Un tema che recentemente era stato sollevato anche dalla <Gazzetta di Parma>. “Il problema non riguarda solo il Comune di Parma, ma la maggior parte delle città italiane” spiega la “iena” Matteo Viviani ha intervistato le famiglie sfrattate, che vivono da mesi in residence e albergo, con un costo per le casse comunale fino a 1.500 euro al mese.
<Posti che dovrebbero essere un rimedio di emergenza.
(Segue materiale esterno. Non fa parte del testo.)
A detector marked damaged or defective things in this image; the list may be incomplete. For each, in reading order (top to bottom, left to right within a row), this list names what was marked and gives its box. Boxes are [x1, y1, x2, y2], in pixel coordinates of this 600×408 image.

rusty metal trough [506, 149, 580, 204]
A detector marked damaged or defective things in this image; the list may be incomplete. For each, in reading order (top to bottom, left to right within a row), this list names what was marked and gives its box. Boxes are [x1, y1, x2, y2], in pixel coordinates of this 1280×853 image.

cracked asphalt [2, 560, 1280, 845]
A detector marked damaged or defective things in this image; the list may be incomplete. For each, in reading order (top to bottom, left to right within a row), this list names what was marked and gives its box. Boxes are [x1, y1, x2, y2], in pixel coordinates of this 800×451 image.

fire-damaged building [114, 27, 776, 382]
Il problema è che il meccanismo si intoppa, facendo diventare quegli alberghi e quei monolocali delle vere e proprie case fisse> dice Matteo Viviani, che chiede spiegazioni al sindaco Federico Pizzarotti e all’assessore alle politiche sociali Laura Rossi: <Perché queste famiglie vengono messe in hotel, residence, in strutture che costano un sacco di soldi?>.
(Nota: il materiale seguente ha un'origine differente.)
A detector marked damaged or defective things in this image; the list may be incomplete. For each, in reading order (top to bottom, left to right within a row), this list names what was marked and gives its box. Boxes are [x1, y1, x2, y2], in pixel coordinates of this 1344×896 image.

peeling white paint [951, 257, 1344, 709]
<E' chiaro per tutti che siano più costose, ma nel momento in cui tu devi uscire da una camera d’hotel esci nel momento in cui non paghi più, mentre da un appartamento no> risponde il sindaco Pizzarotti.
<Quando paga il Comune le persone non escono più e andiamo avanti per anni. Non c’é modo per far uscire un nucleo familiare da un appartamento anche se è senza contratto, anche se l’appartamento è nostro> risponde l’assessore Laura Rossi.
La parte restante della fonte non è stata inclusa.